Customer Experience may go down as the marketing buzzword of the decade. Yet, for all the talk of creating unique experiences for customers, it’s still tempting for brands to focus on the most visible points in the customer journey. Developing a new website or clever ad campaign can easily take priority over more subtle brand experiences. But it may just be these overlooked touchpoints that represent the biggest opportunities for brands.
So what are some of these touchpoints, and what can we learn from brands that focus on them?
A core value of Southwest Airlines is a “Fun-LUVing Attitude,” which they bring to life by encouraging employees to be their authentic selves at work. As their former CEO put it in a 2004 interview, “We’re not trying to train you to be anything different from what you really are. If singing buoys up your heart, makes you feel good, go ahead and do it.” This kind of approach pays off with customers; Southwest was ranked the top low-cost carrier J.D. Power’s 2017 North America Airline Satisfaction Study(™). Contrast this with United Airlines’ corporate culture, and you can see why investing in this overlooked touchpoint is so critical.

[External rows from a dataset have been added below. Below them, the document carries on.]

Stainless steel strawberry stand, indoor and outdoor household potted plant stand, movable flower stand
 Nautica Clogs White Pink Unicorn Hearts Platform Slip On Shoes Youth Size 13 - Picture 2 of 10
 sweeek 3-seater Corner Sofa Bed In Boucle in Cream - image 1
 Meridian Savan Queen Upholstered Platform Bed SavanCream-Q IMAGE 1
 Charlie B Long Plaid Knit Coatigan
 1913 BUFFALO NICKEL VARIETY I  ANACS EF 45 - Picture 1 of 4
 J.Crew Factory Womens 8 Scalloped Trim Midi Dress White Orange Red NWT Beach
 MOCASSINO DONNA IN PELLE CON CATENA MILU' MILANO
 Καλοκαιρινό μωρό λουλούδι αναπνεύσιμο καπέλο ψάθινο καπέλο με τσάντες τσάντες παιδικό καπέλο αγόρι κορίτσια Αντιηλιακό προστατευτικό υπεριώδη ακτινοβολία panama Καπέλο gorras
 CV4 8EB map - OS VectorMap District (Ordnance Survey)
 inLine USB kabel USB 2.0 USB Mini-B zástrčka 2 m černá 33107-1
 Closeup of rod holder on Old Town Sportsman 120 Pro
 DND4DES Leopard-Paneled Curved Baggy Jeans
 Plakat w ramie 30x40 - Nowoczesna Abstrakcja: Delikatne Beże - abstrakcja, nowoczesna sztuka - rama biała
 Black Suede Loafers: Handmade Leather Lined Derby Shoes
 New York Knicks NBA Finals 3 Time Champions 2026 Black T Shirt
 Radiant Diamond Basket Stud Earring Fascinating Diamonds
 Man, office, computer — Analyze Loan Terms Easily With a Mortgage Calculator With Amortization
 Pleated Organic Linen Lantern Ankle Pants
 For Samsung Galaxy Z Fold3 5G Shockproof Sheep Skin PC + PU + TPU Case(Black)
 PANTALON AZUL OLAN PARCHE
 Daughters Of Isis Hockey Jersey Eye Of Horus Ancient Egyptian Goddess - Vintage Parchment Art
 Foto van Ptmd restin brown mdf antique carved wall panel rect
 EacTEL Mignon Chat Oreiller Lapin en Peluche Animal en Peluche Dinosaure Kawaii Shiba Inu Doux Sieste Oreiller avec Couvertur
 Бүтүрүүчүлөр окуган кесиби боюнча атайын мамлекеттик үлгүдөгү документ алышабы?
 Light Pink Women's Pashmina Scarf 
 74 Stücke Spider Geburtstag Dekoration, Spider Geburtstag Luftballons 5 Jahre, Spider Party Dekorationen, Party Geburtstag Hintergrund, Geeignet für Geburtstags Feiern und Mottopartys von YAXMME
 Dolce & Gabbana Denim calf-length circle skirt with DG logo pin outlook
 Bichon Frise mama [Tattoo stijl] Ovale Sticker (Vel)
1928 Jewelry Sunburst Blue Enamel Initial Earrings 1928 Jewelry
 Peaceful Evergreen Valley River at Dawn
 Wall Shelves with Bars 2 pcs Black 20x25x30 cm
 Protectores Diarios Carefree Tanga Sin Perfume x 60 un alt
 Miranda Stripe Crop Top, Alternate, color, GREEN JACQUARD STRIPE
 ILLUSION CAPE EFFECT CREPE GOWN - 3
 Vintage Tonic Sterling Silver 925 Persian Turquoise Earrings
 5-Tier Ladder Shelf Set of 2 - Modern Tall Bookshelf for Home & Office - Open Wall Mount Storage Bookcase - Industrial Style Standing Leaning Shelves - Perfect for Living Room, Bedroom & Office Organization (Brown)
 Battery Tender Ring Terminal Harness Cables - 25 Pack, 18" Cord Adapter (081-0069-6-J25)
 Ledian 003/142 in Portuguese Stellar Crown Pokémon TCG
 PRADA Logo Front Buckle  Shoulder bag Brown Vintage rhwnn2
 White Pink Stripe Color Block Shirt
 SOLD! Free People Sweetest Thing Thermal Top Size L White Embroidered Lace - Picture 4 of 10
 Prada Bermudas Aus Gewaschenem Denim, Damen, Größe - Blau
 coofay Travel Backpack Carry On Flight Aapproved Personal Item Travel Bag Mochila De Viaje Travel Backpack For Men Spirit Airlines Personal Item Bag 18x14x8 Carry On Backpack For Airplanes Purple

Product Development is another touchpoint that’s less obvious, but, when done well, presents a huge brand opportunity. Plum Organics is a baby food company with a mission to “nourish little ones with the very best food from the very first bite.” Although they are best known for pouches of pureed fruits and veggies, their mission and promise to customers led them to enter a new product category: infant formula. They put their own spin on the standard formulation and developed highly transparent messaging, including why every ingredient is in the product and how it helps and nourishes babies. With this new product, they are solidifying their brand in parents’ minds as one that stands for wellness and better nourishment, from infancy and beyond.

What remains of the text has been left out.